Sometimes it requires physical, kinesthetic feedback to guide my body to a place where it doesn’t yet know it can go.
Spotting or physical adjustments in a way that provides safety to the nervous system help reeducate the neuromuscular connections that have been offline from years of disuse.
Beyond the Squat: Getting Unstuck in Life
The gym and the yoga mat are the laboratories for what happens in life.
This process is not unique to squats or other physical movement patterns. In life, too, there are places where I unconsciously stop myself from moving forward or going deeper.
Places where I start to charge forward, only to pull back.

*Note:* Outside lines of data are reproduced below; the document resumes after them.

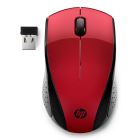 HP Wireless Mouse 220 - 7KX10AA - Sunset Red
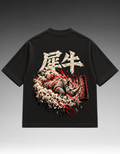 Camiseta Oversized - Rinoceronte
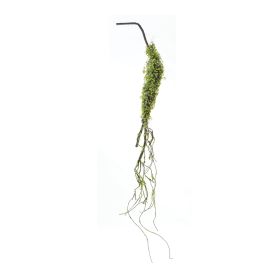 Artificial Foliage & Flowers - Hanging Vines (Option: 2pc Moss 40")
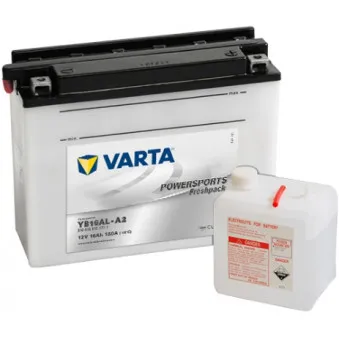 Batterie de démarrage VARTA [516016012A514]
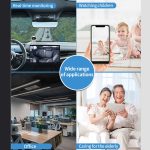 K9 Cute Pets Smart Home-Kamera, unterstützt Nachtsicht und Zwei-Wege-Sprach- und Bewegungserkennung, K9 – Bild 4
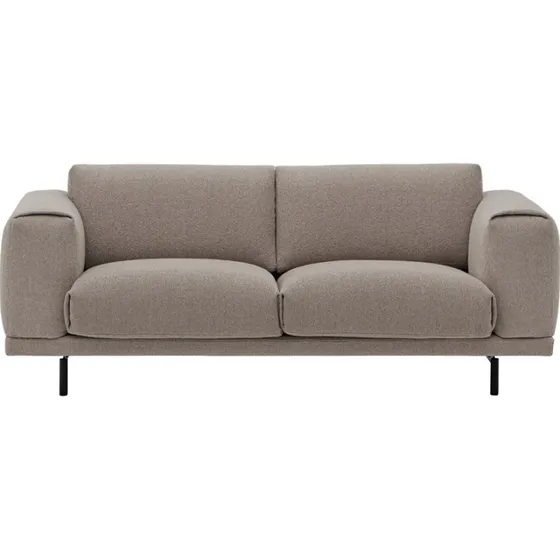 Muuto Rest Sofa 2-Sitzer - Skandinavisches Design - Beige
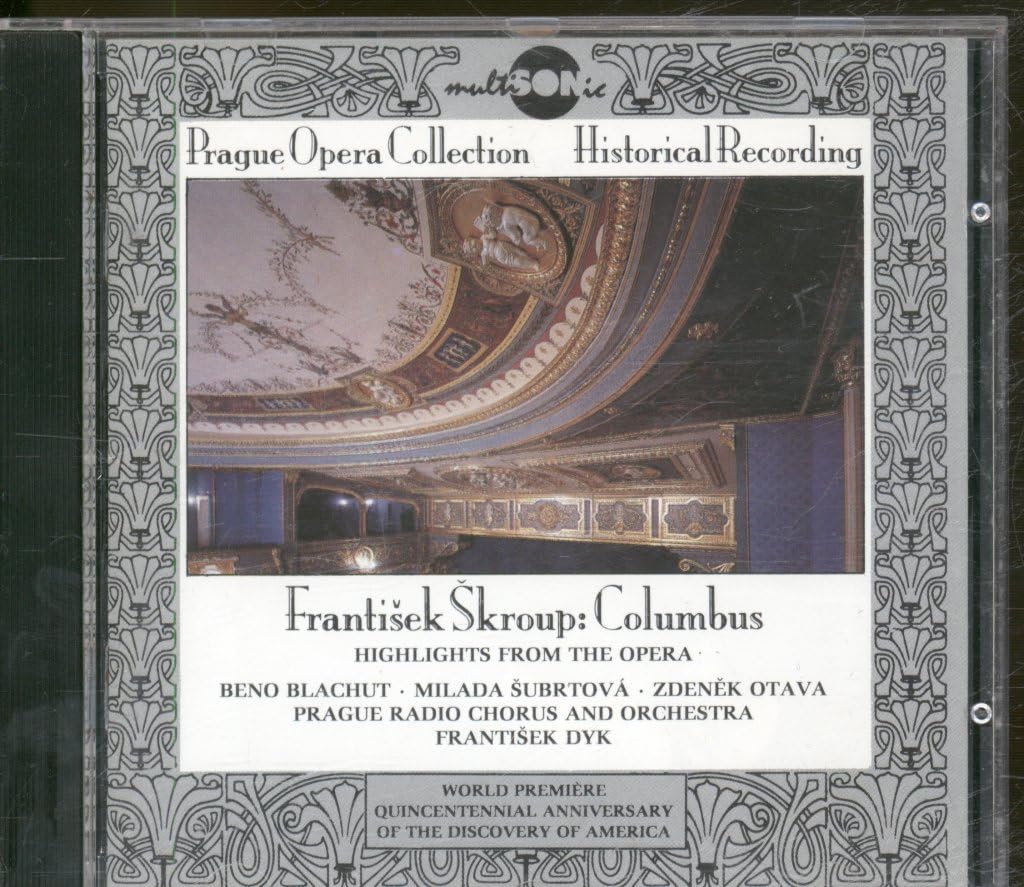 Columbus: Higlights from the Opera (Prague Opera Collection) Classical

I am willing to bet that you have places like that too.
In those places, it’s often not a lack of of skill or knowledge that keeps us stuck. Rather, it’s a combination of bio-psycho-social factors:
Conditioning, beliefs, and fears around taking risks, sharing your ideas, standing up for your beliefs, and going after what you want.
Whatever factors originally contributed to the cause, stopping yourself has now become a habit.
Just like with squat depth, this habit of stopping yourself is a habit that you can learn to break, with a compassionate and holistic approach and the right support in place.